StyleNet: Non Reproducible Results
tusharkr opened this issue · 15 comments
I would like to categorically state that this Paper "StyleNet: Generating Attractive Visual Captions with Styles" from Microsoft is non-reproducible. This is not just from the code based on this repo, but our own extensive experiments have lead us to believe that this paper is just a work of fiction put together. We have also contacted the lead authors Chuang Gan & Zhe Gan. However, we did not get any reasonable explanation about why this architecture does not work. It is unfortunate to see that this paper also have significant citations. At this point, how this was accepted at CVPR remains a big question.

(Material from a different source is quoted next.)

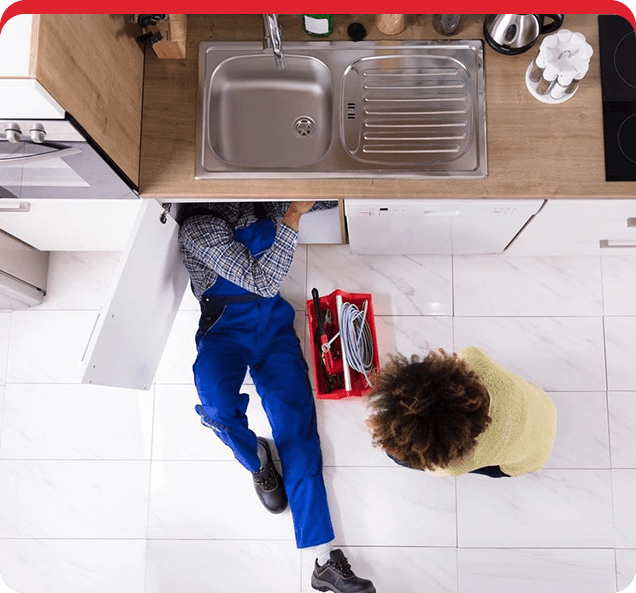 A person laying on the floor in front of a sink.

Also the new dataset as mentioned in the paper, is not available as a whole. Only a part of this dataset is available, which makes this task even more questionable.
Overall, I would request readers stumbling across this not to waste their time reproducing this paper!!
Thank you for telling us. I just decide to start my work based on StyleNet and try to reproduce it. You help me save my time.
Thanks for you remind. But could you explain why you think the dataset is not available? I took a look at the dataset and it seems no problem, maybe you think it's difficult to distinguish the romantic and humorous?
The dataset should contain 10k images according to the paper. However, in reality only 7k images are available. We confronted the author regarding this and he did not give any specific reason as to why the 3k is missing. Moreover, there are 3 captions per image for the neutral captions whereas there is only 1 caption per image for humorous. This makes the training impossible. This is why I have categorically stated that this paper is just a work of fiction.
I got it, thank you.
you are welcome. I have spent close to 6 months trying to reproduce this paper. After asking a couple of confronting questions, the authors stopped responding. I would suggest not to waste your time on this or any similar paper written by the the first-author of this paper.
First of all, I want to point that this repo is not official repo. Actually, there is so much work following this paper, which focuses on limited stylized pair data by unpair training.
Two points,
Firstly, It does not matter if this is the official repo or not, technically the paper is non-reproducible and the architecture simply does not work. Since this link is where most researchers stumble on (in fact I have a mail where the second author himself asked me to try this repo), it is good to tell them in advancethat not only this repo, but the paper itself is non-reproducible.
Secondly, just because there are others who are inspired from this design (or that there are other papers referring to this paper) does not necessarily guarantee the reproducibility of this paper.
Good to know that you are trying to reproduce,
However, from our side, we fixed all the bugs in this repo. We also wrote the code from scratch by reading the paper. At the end, we wasted 7 months trying all possible combinations. But we could not reproduce even a partial result. That is why I am stating that this paper is just fiction. It is an insult to the CVPR tradition. I still wonder how the authors we able to convince the CVPR reviewers.
Wait..@Doragd So you think the FlickrStyle10K(in fact, 7K) dataset is feasible for stylish image captioning, but the result in Stylenet is exaggerated?
And by the way, what's the result in you picture? I have read MSCap, but there is no similar result.
@njucckevin First of all, 7k data is somewhat feasible to train a model for stylized image captioning, but in my opinion, StyleNet which only depends on four stylized parameter matrixs cannot learn to express style, especially its strange training method. My result is a rather rough result, and I will refine it soon. You can feel free to contact me to obtain my refine version.
I got it. Thanks~